ES: How would you describe your sound and how it has evolved over time?

SB: The instrumentation comes from the world of bluegrass, but when I was a kid, there already were progressive musicians and singers that were changing the face of bluegrass along the way. So, I was influenced by the Dillards, Osborne Brothers, Jim & Jesse and so we started with experimentation within the Bluegrass instruments. Being a lover of rock and roll and a fan of jazz, it comes from the world of bluegrass, where we have learned to write our own tunes and make original sounds.
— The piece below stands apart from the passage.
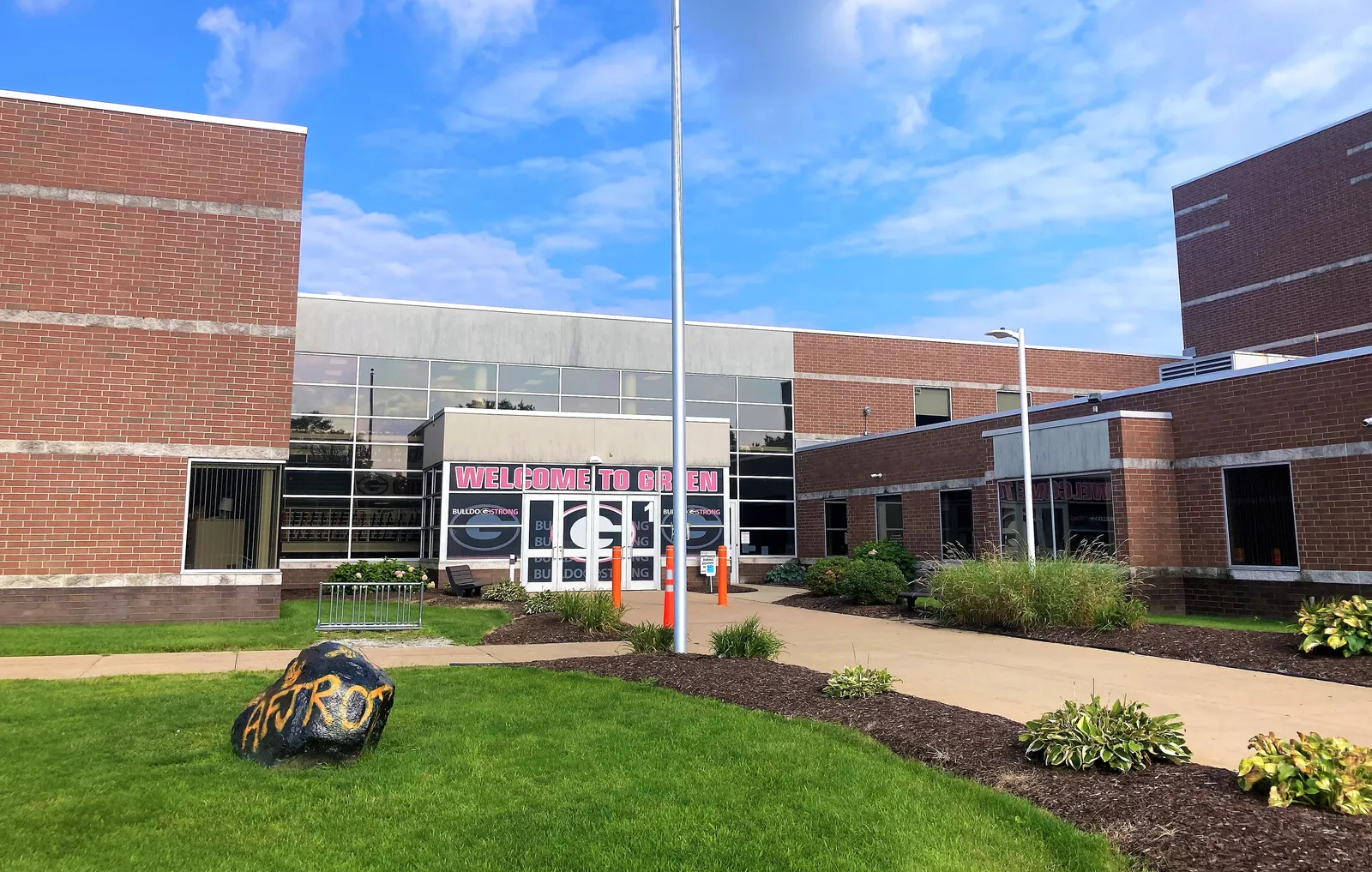 Main entrance of Green High School (Green, Ohio)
Now, because we named a band I was in ‘New Grass Revival,’ the word ‘new grass’ has become somewhat generic in describing progressive bluegrass.

If you go:

What: Sam Bush at the Free Summer Concert Series

When: 5:30 p.m., Friday, July 29

Where: Howelsen Hill

ES: Tell me about New Grass Revival.

SB: We started in 1971. And so by even calling ourselves what we did, we were sort of trying to point out that there already was a new kind of bluegrass, by the people I mentioned, and the Country Gentlemen as well. So, we felt that we were carrying on with, with the already started tradition of playing progressive bluegrass on traditional instruments.

ES: Do you have any new stuff that you’re working on?
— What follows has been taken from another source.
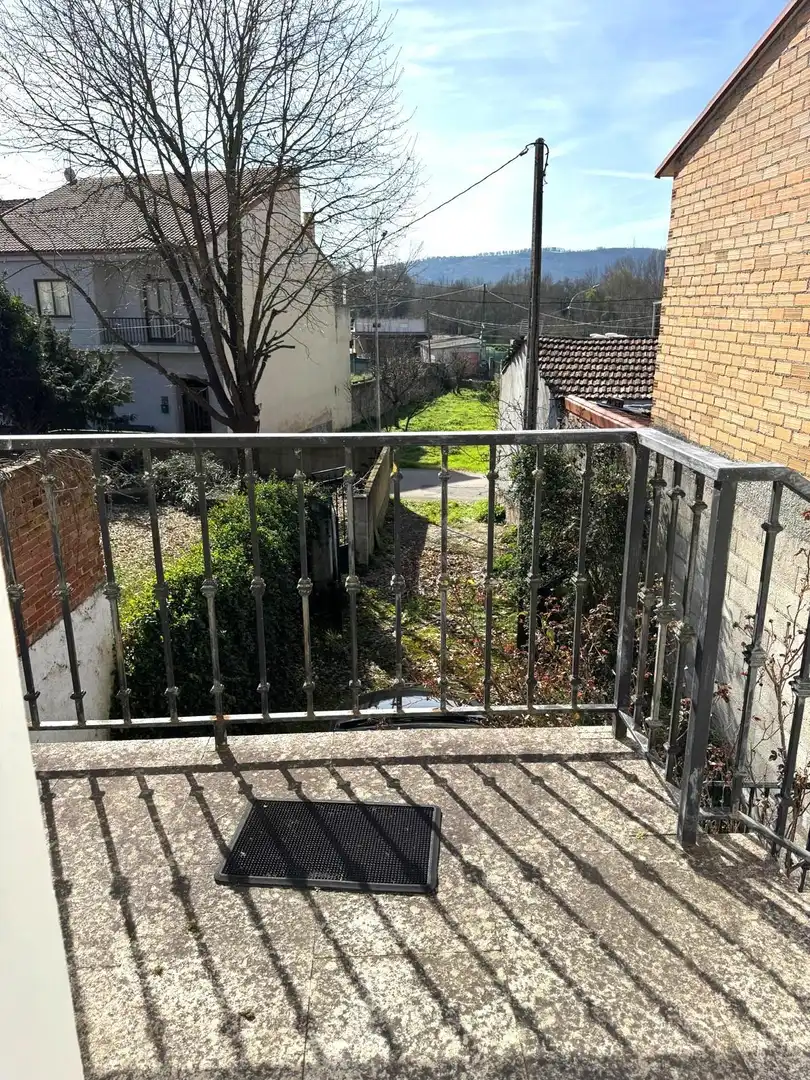 Terrassa de Casa adosada en venda en Verín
SM: There’s always new ideas coming. But that being said, I’m going to get an album released before the end of the year. It’ll be coming out probably in November.

ES: What’s planned for your show in Steamboat?

SB: It’s not totally planned — sometimes you really need to get there and see how’s the audience today, what are they feeling? Are they standing in the rain? Basically, we just want to bring a positive experience and for that we want people to feel through our music entertained for 90 minutes or two hours, however long we play. We really want people to just have a break from all that they’re going through and feel the positive energy that we want to give them.